For another possible project, which has since been temporarily Wuhan'd, I test drove a 2.5L 5 cylinder Beetle - actually the "New Beetle" from I think 2006. With the extended roofline/windshield that yields the very deep dashboard, the car has a spaciousness well beyond its wheelbase. 










.
... the *I5* will not be like this ...

.
​The car I drove was a manual Caitlin, and I found by controlling the rpm range, the engine provided a solid *zoom!* factor from around 2700 - 3900, with it not really getting gutless until the high 4000s. It was not as responsive as a turbo, but I'll bet if you look at the graphs and things, the 2.5L I5 gives comparable torque around 3700 as the 1.8L - or it is very close. I still prefer a turbo, but the pull of the I5 surprised me in a pleasing way.
​


----------



## joedubbs (Nov 1, 2004)

one horse power up there haha

dang... https://www.vwofkingston.net/vehicle-details/2017-volkswagen-beetle-1-8t-s-kingston-ny-id-17446162

I cannot buy as there are no sales people since selling isn't essential at the moment. I talked to someone on the phone and she said she was literally looking right at it as it's in the showroom. She took my info so I would be first to be called; to be honest I doubt many people are buying right now especially beetles so I have high hopes. After weighing some options we decided to put a bit down and get a decent finance on something with a warranty.
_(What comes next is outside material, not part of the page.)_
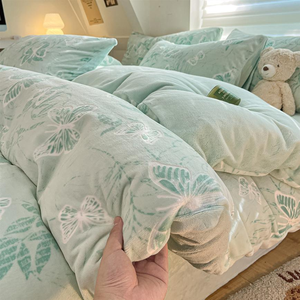 Nuovo lenzuolo di flanella e copripiumino invernale imbottito Set biancheria da letto invernale 4 pz - Product Image 1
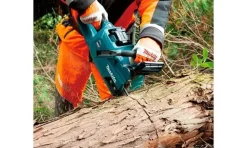 Motosserra a bateria BL 40V XGT 35cm Makita UC011GZ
It looks like this is tiptronic so no flappy paddle gear shifts unfortunately. I feel like it would look great if one vinyl wrapped the dash the exterior color. I would add fogs too... but I'm getting ahead of myself. My only question is (I'm not a great haggler) there should be room in the price right? Any good tips there? $15k looks to be the high end of the market on these model year/trim.









:heart:


----------



## ThatBlueBeetle (May 13, 2018)

That is a seriously sharp looking beetle! Love the color!!

I'm not sure what the going price is on these beetles offhand, but (if you haven't already) you could go to KBB.com and look up the value based on options, color, etc. Same with websites like TrueCar.com. If the car is over priced, you can use that to your advantage. If it is underpriced, then that's great for you! 

Outside of that, I'm not quite sure what else to tell you, aside from be thorough when checking out the car in person. Best of luck to you with this bug, though!!


----------



## Dan00Hawk (Jun 22, 2013)

I think the price could be a bit better, but it's not outrageous. Dealers usually get anxious with a green vehicle as they aren't fast movers, so negotiating a lower price should be possible. Otherwise, here is a similar green S with 20,000 less miles for just $1k more and "certified". Also has chromed Heritage wheels, which is rather unique. Granted, it's in MN and not closer to you, but just an example after a quick nationwide search on AutoTrader. General rule of thumb is that every 10k miles is worth $1000 difference in price. 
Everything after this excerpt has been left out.